In typical usage, an intense electron beam ($>1$kA, typical) rapidly impinges a high-Z converter target and
produces \emph{bremsstrahlung} radiation for imaging.
This process rapidly deposits significant energy into the target material which heats and expands due to internal pressure.
Previous estimates attempt to use ideal gas relationships to describe the state of the expanding target.
For high-Z materials, however, significant complications arise because of changing ionization fraction.

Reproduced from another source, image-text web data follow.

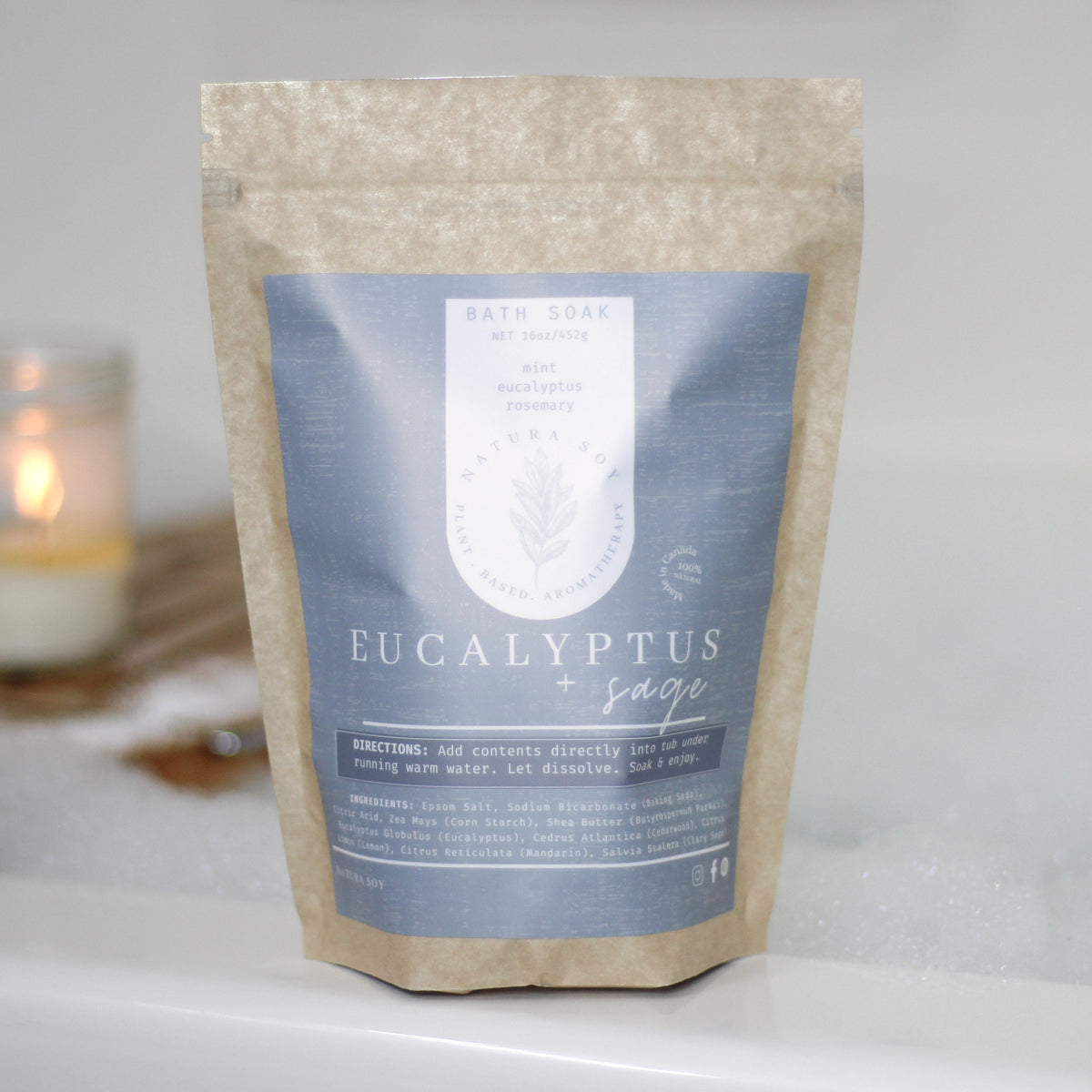 Eucalyptus + Sage Bath Soak Fragrant Fizzing Bath Salts (7 oz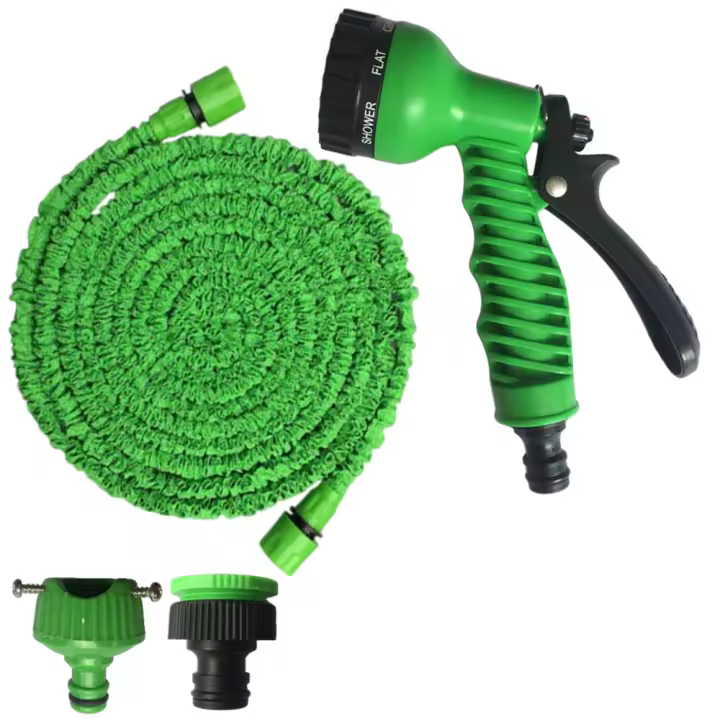 Bomba De Jardín Expansible Con Pistola De Agua De 7 Modos Bomba De Espuma Rollo Flexible Para Lavado De Coche Y Riego - 1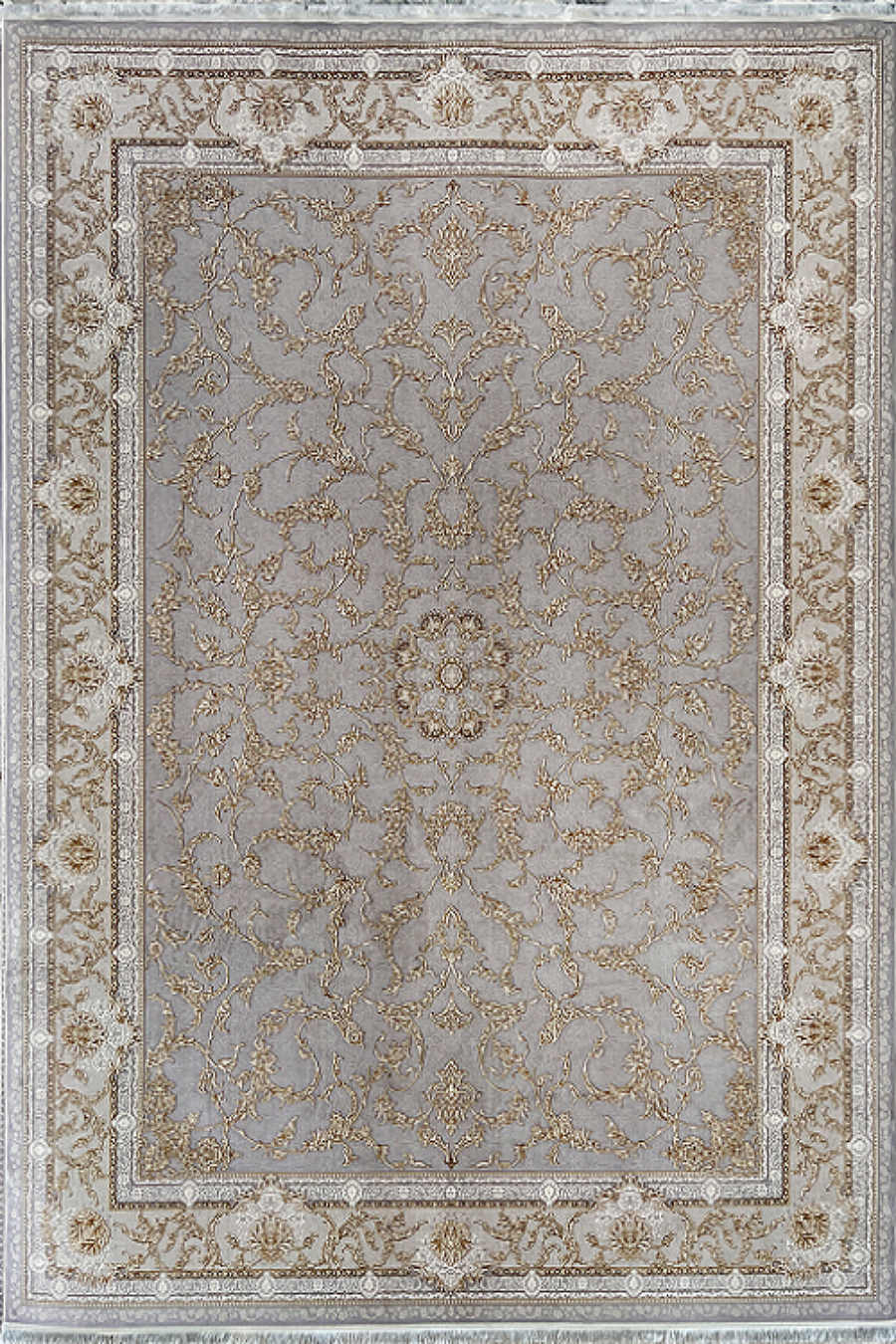 فرش باستان یزد 1200 شانه کد 11-10 زمینه نقره ای (برجسته)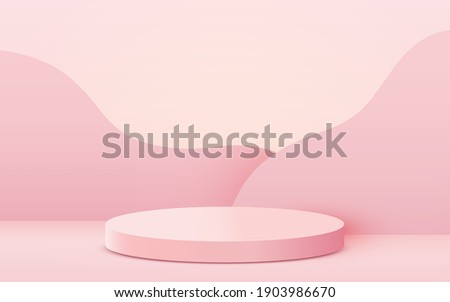 Abstract scene background. Cylinder podium on pink background. Product presentation, mock up, show cosmetic product, Podium, stage pedestal or platform. Vector illustration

This work constructs a thermodynamic description of the target material using ionization balance and excited states
determined by the collisional-radiative code FLYCHK[1].
A simple fluid expansion is then modeled using isochoric heating and adiabatic expansion steps.
Velocity is determined by momentum balance an an entropy limit.
Experiments varying beam time by a factor of two show a change in terminal velocity from 2.5--6 km/s of an expanding
Mo foil.
Inferred beam spot-sizes radii range from 350-650$\mu$m.
[1] H.-K. Chung, \emph{et al.}, \emph{High Energy Density Phys.} \textbf{1} (2005) 3--12.
*Work supported by DOE Contract 89233218CNA000001.